The notebook is the first attempt to solve the problem
FUTURE WORKS
Try to have an understanding of what is going to happen looking at the charts.
Adapt the original callback to current fast.ai version to make it available.
Publish all the flash cards
CREDITS
Thnx again to @jeremy for credit and to @simonjhb that helped me a lot on understanding the problem and transforming sketches into code
Thanks Stefano for bringing a ‘colorful’ dimension to our deep learning study! Your drawings are fantastic and it would be great if you could find a way to publish all of them as a learning resource.
Small suggestion: it would be great if you could add to the right of each plot a vertical “color bar” that shows the numerical value of the counts corresponding to each color bin. That way we could have an idea of how many activations are zero, etc.
The following picture shows the steps involved in the computation of histograms. All these steps are needed to create a **single chart column", such as the first column of the chart is the histogram of the first batch and so on.
GET A BATCH OF ACTIVATIONS: we usually analyze the activations after a specific layer/transformation. The generic shape is [BS,??]. For example the result of a 2d convolution is [BS,NF,XX,YY], and the result of a Linear layer is [BS,NF] where:
BS: batch size.
NF: number of features/filters/channels.
XX,YY: size of “image”.
COMPUTE HISTOGRAM: we compute the histogram of the whole activations batch.

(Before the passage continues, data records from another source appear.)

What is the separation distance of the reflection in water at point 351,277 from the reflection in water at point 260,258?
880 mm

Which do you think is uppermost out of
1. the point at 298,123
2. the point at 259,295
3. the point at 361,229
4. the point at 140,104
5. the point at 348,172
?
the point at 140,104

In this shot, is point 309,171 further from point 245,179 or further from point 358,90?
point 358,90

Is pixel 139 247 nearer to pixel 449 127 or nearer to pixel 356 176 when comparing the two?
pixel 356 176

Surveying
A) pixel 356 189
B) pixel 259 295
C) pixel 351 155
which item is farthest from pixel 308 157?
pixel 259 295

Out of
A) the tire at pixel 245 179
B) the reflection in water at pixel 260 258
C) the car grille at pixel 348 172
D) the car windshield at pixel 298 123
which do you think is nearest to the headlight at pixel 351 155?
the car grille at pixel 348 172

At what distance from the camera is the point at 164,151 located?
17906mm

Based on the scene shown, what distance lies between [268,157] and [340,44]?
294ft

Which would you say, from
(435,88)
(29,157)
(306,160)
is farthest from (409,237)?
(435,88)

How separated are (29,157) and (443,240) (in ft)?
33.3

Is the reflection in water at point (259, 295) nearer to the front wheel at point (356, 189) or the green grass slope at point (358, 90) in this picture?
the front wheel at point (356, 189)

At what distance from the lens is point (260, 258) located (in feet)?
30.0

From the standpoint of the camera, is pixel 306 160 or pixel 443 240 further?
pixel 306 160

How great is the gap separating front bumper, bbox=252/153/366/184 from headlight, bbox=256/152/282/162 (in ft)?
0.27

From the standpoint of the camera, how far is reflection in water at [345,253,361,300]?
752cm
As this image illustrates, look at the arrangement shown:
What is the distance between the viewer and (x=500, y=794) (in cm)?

The parameters of our histogram are:
hMin,hMax: minimum and maximum values reported in our histogram.
nBins: number of bins, the “resolution” of the histogram.
LOG THE HISTOGRAM: Note that this transformation is made only for visual purpose and not applied to the stored histogram values.
Original Idea:
This was my very first sketch made to visualize the initial idea of the “colorful dimension”.
I’m working on a complete rewrite/improvement of the colorful dimension chart.
Here are some anticipation (this picture usually means bad training, but it’s cool )
data = ImageDataBunch.from_folder(untar_data(URLs.MNIST_SAMPLE),bs=1024)
# (1) Create custom ActivationsHistogram according to your needings
actsh = partial(ActivationsHistogram,modulesId=None,hMin=-10,hMax=10,nBins=200)
# Add it to the callback_fns
learn = cnn_learner(data, models.resnet18, callback_fns=actsh, metrics=[accuracy])
# Fit: and see the Twin Peaks chart in action
learn.fit_one_cycle(4)
# (2) Customize and Plot the colorful chart!
learn.activations_histogram.plotActsHist(cols=20,figsize=(30,15),showEpochs=False)
What do black and yellow lines mean in each layer?
For instance in the L2 Conv2d for epoch 2 and epoch 3 the magnitude distribution of activations far more than the specified display range of -12 to 12. Does it mean that such activations can cause gradient explosion during the backpropagation stage?
In L4 Con2d the magnitude distribution of activations starts to grow from iteration to iteration, does it mean that the network started to learn in later iterations?
What kind of insights should I get from this hist? What is a healthy color should be for each layer? How to analyze this diagram in general?
Is there a list of similar diagrams and tools to analyze neural nets’ performance which commonly used in the production environment for PyTorch / fast.ai infrastructure?